Closed tomsbergmanis closed 2 years ago
Unfortunately eflomal does not document well what the scores actually are, but based on my earlier experiments as well as the unit tests with artificial data, they are some kind of costs (e.g. unnormalized negative log-probs) and thus lower value means more probable alignment. If you write the scores for real parallel data and some arbitrary sentence pairs, you should see this quite clearly. (If you see the opposite, then there must be something seriously wrong!)
Here are two examples:
-1.51689 -1.50699 This is the history of the generations of Isaac, Abraham's son.

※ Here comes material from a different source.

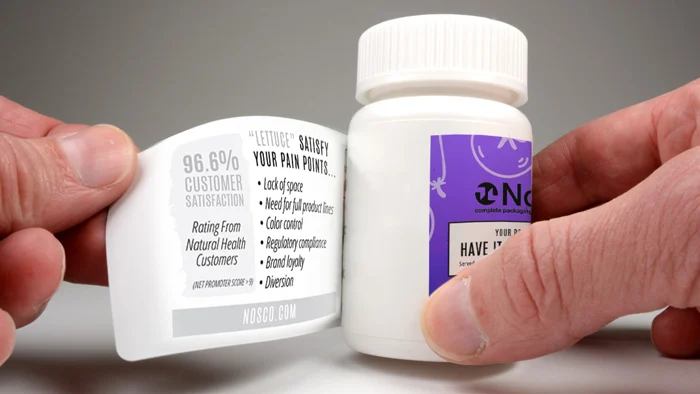 Pharmaceutical Outserts Folding Services: Enhancing Compliance And Efficiency In Medical Packaging Image 6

Abraham became the father of Isaac. Ja tämä on kertomus Iisakin, Aabrahamin pojan, suvusta. Aabrahamille syntyi Iisak.
4.22615 4.99098 When her days to be delivered were fulfilled, behold, there were twins in her womb. Kun hänen synnyttämisensä aika oli tullut, katso, hänen kohdussaan oli kaksoiset.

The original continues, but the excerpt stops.